Because the conventional pointe shoe is rigid when new, the dancer must break it in. This may involve any or all of the following: manually flexing the shoe back and forth, jumping on it, slamming it in a door, bashing it with a hammer, soaking it in warm water or alcohol, and scraping the sole. Finally, the shoe is often brushed with floor wax or shellac to give it a few extra minutes of life. All dancers sew on their own ribbons, which crisscross the ankles, keeping the shoe on and upright in the full-pointe position. Many use elastics as well. The breaking-in process can consume up to several hours of a dancer's time.

Once broken in, it quickly deteriorates. The conventionally-made, old-style pointe shoe often has a life span of only one performance. During the performance of a full-length ballet a ballerina will often replace her shoes at least once. The box becomes too soft to brace the toes adequately or the shank loses its stiffness. Sometimes old shoes can be re-used for class or light rehearsal, occasionally they are autographed and sold as souvenirs, but most are just thrown away. This lack of durability is not the fault of the dancer - it is the result of constructing what is ultimately an athletic shoe out of paper and paste.

The toe box of the pointe shoe generally consists of layers of burlap and paper, saturated with glue. (Some boxes are actually made from old newspaper!) With wear the box softens and conforms to the foot, but optimum suppleness lasts only a short while before the box becomes too soft.

The shank or midsole is usually made from some form of paper such as cardboard or fiberboard. Steel shanks are seldom used. (The only exception might be the rare case of men's pointe shoes.) Sometimes a reinforcing strut is secured to the underside. Glue, stitching and small nails hold the shoe together. The outer satin material is gathered in pleats under the toe. Any irregularities or lumps in the pleats will make a shoe unstable and thus unusable.

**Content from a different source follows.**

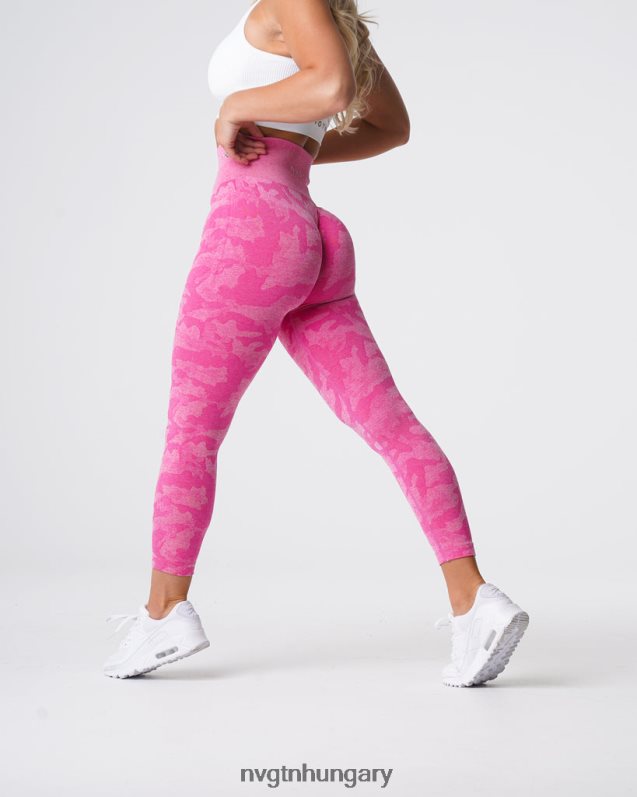 nők fitnesz B8T0BH659 NVGTN rágógumi rózsaszín Camo varrat nélküli leggings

Because of this construction, traditional pointe shoes offer no protection to the feet and ankles. Female ballet dancers (those who dance in pointe shoes) suffer injuries that barefoot modern dancers and slipper-shod male dancers avoid. Stress fractures, tendinitis and black toe-nails are common. An alarming 80% of professional dancers suffer ankle injuries.

Why? Most theatres were designed for opera, not dance; the stage floors are made from wood laid directly on concrete. It is hard on the body to repeatedly jump on such stages, especially in traditional pointe shoes which lack shock absorption.

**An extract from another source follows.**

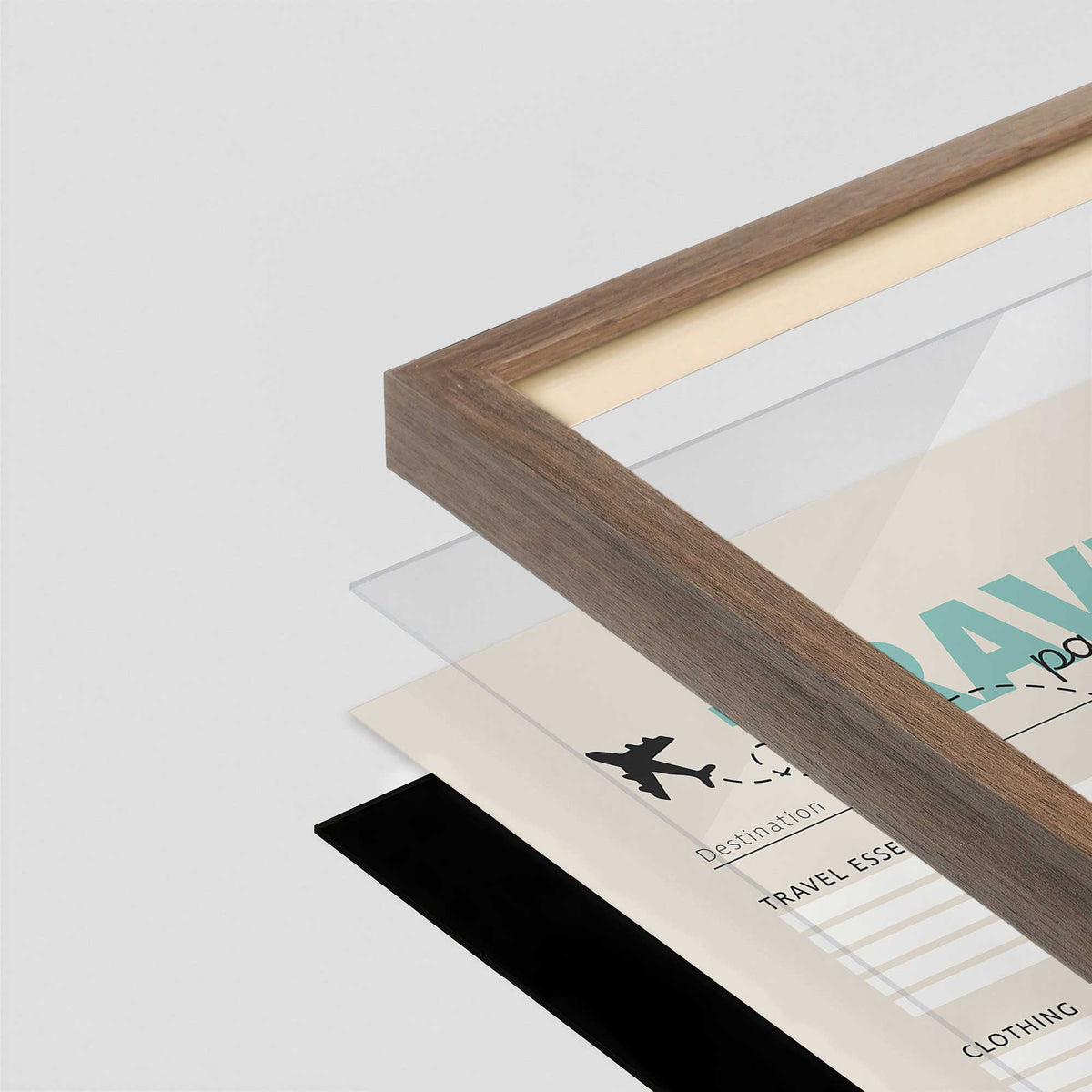 [Color:Walnut], Picture of art in a Walnut frame at an angle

Another factor in dancers' injuries may be the deterioration of the traditional paste and burlap toe box. As the box becomes soft, it fails to provide sufficient support. A less obvious drawback to the traditional box is that it may soften in some areas but not others. This may cause the dancer to become improperly aligned when she stands en pointe. Improper alignment places stress on the ankle joint, and that stress increases enormously with the momentum of springing onto the full pointe position.

Gaynor Minden solves these problems by using an elastomeric toe box and shank that never soften or break, and require no breaking in. Instead of pleats Gaynor Minden provides a sound and shock-absorbing panel of high-density urethane foam, and adds protective cushioning throughout the shoe.

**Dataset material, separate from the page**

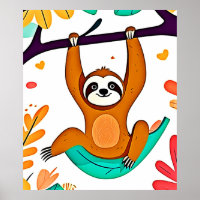 Playful Sloth Hanging from a Tree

Laboratory studies report that Gaynor Mindens do indeed outlast traditional pointe shoes and that dancers (test subjects) are indeed better aligned in Gaynor Minden's elastomeric toe box than in traditional paste and paper toe boxes, suggesting a possible safety benefit with Gaynor Minden. But, ballet has an inherent risk of injury. No pointe shoe or toe pad can possibly eliminate that risk. However, correct technique is safe technique. Dancers should seek out informed and careful teachers who understand the biomechanical aspects of the art.

Why the lack of innovation or improvement until now? Because a dancer must conceal her exertions under a serene and radiant smile, the tremendous athleticism of ballet is often overlooked, as is the need for proper equipment. Although the physical demands of ballet are as rigorous as those of any sport, "high performance" has historically been expected of artistic interpretation rather than of shoes. Only dancers and those who live with them know of the problems associated with old style pointe shoes.